Counsel; Simpson, Thacher & Bartlett LLP

Janet M. Nadile is Counsel at Simpson, Thacher & Bartlett LLP.  Her practice focuses on a broad array of commercial law with an emphasis on issues regarding Articles 8 and 9 of the Uniform Commercial Code.  She advises lenders and borrowers on all aspects of drafting and negotiating collateral security documents in a wide variety of secured transactions, including credit facilities, asset based lending, secured bond transactions, project finance and funds finance.  She also advises on all matters involving collateral subject to the UCC and other statutes, frequently for the technology, media, telecommunications, automotive, healthcare and natural resources industries.  Janet created and conducts the Firm-wide CLE seminars on various aspects of secured lending.

Taryn Darling

Board Member, William H. Dwyer Inns of Court

Taryn began her career as a bankruptcy lawyer almost ten years ago.
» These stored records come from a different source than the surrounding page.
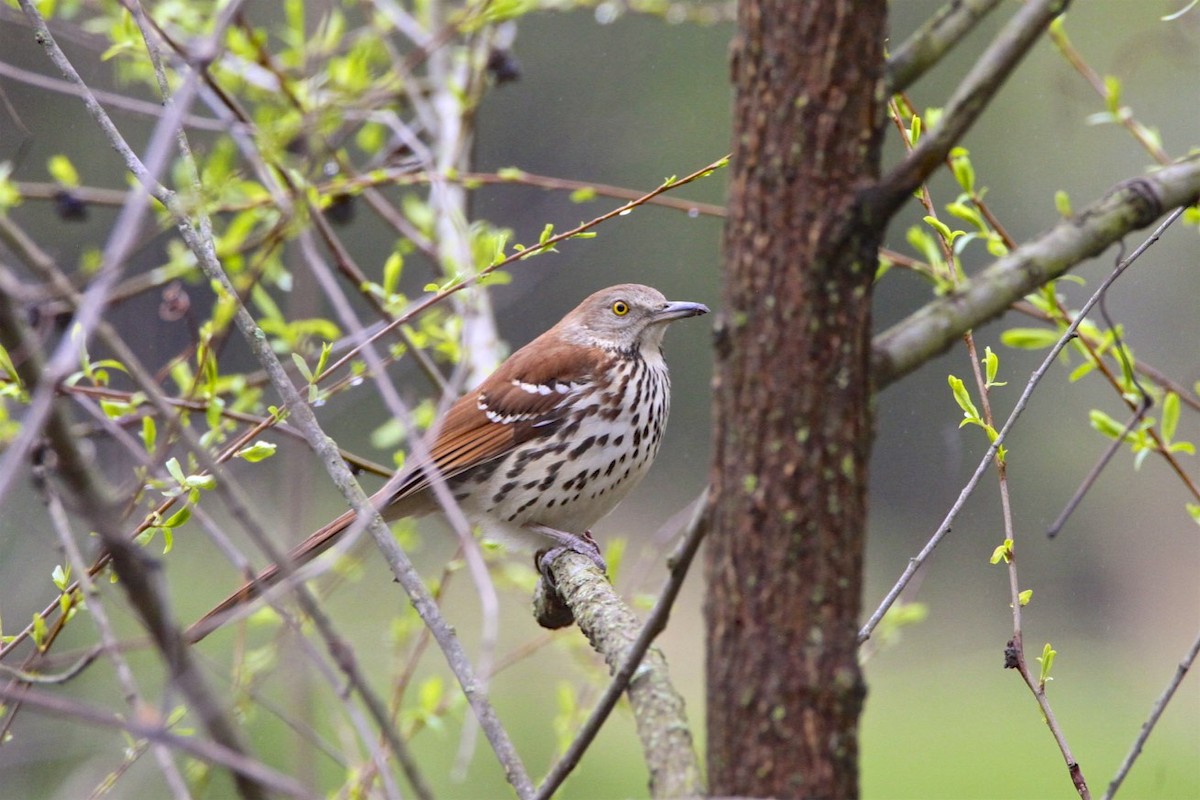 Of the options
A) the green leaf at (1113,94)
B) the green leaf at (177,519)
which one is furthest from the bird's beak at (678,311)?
the green leaf at (177,519)

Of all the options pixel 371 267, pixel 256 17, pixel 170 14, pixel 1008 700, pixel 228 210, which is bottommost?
pixel 1008 700

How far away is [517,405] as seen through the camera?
380 centimetres

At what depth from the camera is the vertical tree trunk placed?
52.5 inches

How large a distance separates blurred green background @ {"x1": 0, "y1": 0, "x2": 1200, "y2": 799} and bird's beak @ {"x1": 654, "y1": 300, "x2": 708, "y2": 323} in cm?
791

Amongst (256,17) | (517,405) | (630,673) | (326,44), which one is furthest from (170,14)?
(256,17)

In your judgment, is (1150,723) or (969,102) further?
(1150,723)

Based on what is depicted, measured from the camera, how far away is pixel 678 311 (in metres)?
3.93

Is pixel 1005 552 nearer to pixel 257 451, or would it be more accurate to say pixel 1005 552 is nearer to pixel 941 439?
pixel 257 451

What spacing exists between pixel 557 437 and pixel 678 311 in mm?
580

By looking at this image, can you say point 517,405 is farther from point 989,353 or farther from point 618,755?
point 618,755

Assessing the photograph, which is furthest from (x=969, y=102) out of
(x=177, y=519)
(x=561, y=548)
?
(x=561, y=548)

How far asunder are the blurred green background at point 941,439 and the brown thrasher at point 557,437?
7.98 metres

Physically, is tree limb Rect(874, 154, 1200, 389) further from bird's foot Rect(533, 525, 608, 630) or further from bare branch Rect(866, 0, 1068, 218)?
bird's foot Rect(533, 525, 608, 630)

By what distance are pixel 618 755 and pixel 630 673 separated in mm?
11225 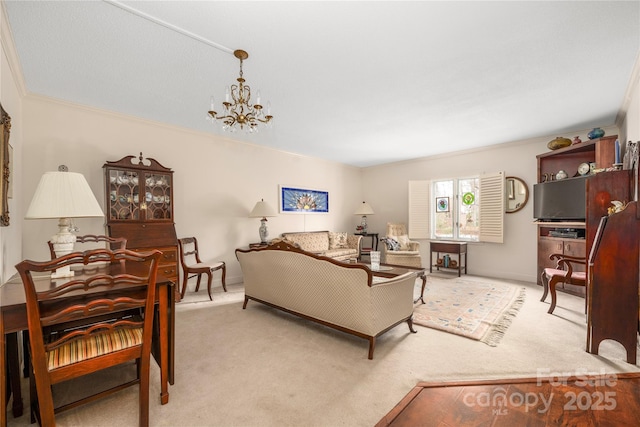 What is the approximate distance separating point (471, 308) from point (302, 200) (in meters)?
3.78

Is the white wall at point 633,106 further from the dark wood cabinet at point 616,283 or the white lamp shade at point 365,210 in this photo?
the white lamp shade at point 365,210

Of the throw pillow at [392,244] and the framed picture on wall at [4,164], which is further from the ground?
the framed picture on wall at [4,164]

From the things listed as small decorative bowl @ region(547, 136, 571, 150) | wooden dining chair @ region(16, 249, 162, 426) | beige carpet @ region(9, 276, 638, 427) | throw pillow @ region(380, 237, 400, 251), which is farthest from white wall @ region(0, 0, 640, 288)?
beige carpet @ region(9, 276, 638, 427)

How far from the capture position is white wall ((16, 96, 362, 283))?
10.3ft

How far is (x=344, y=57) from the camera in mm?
2348

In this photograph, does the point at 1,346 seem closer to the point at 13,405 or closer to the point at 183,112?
the point at 13,405

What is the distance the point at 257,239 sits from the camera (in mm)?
5254

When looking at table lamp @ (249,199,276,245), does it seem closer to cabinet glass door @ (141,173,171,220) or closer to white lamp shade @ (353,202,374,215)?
cabinet glass door @ (141,173,171,220)

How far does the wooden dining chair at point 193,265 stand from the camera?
389cm

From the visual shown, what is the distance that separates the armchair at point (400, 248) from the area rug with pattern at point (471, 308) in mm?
557

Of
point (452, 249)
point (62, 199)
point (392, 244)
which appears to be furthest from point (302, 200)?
point (62, 199)

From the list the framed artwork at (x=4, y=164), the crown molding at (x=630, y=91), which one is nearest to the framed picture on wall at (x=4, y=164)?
the framed artwork at (x=4, y=164)

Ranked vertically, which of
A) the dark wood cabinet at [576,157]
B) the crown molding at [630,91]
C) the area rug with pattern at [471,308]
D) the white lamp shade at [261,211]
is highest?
the crown molding at [630,91]

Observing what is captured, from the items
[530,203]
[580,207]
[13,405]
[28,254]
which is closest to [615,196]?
[580,207] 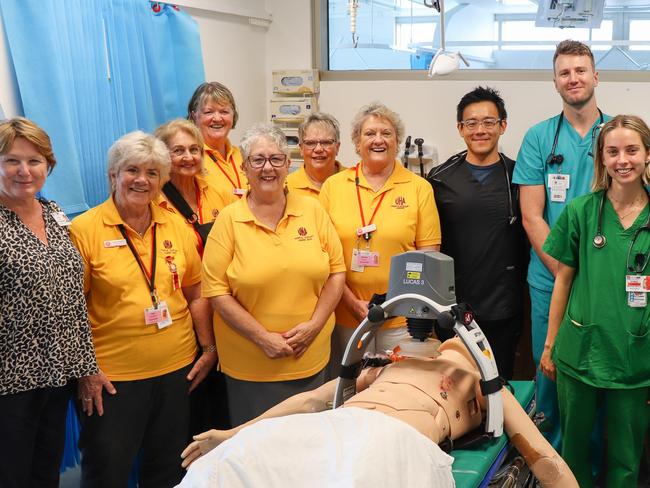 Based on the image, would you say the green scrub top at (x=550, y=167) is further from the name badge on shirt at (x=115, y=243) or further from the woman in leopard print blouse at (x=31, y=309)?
the woman in leopard print blouse at (x=31, y=309)

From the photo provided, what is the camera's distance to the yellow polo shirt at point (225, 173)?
125 inches

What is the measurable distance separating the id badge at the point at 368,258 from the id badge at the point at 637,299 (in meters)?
0.96

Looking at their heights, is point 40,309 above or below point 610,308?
above

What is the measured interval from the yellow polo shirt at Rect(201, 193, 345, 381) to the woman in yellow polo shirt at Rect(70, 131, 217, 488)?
0.55 feet

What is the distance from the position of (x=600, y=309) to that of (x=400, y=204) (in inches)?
35.4

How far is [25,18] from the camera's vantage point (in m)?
2.93

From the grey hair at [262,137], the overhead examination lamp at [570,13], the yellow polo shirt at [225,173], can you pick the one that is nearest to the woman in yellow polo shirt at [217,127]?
the yellow polo shirt at [225,173]

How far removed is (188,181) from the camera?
3020 millimetres

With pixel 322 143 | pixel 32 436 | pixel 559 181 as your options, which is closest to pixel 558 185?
pixel 559 181

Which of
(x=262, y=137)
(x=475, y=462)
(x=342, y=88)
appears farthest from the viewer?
(x=342, y=88)

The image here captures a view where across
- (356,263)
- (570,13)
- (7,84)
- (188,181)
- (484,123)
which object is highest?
(570,13)

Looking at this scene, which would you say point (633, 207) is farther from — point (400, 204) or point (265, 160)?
point (265, 160)

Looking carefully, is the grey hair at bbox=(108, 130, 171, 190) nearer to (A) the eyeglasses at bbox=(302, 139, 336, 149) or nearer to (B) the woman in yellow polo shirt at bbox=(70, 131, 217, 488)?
(B) the woman in yellow polo shirt at bbox=(70, 131, 217, 488)

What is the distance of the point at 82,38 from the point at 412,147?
6.75 ft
Her practice includes reorganization, insolvency, receivership, work-outs, and bankruptcy and all related litigation. Taryn has litigated at the trial level and appellate level on behalf of her clients in a number of adversary proceedings and in consumer protection litigation. Taryn’s clients include individuals, business owners, and closely held corporations and businesses. Her breadth of experience in the area of bankruptcy and insolvency enables her to take a preventive approach when clients come to her at the outset of a problem. Taryn develops creative solutions to mitigate the impact or consequences when it becomes clear that a bankruptcy or receivership is the best course of action.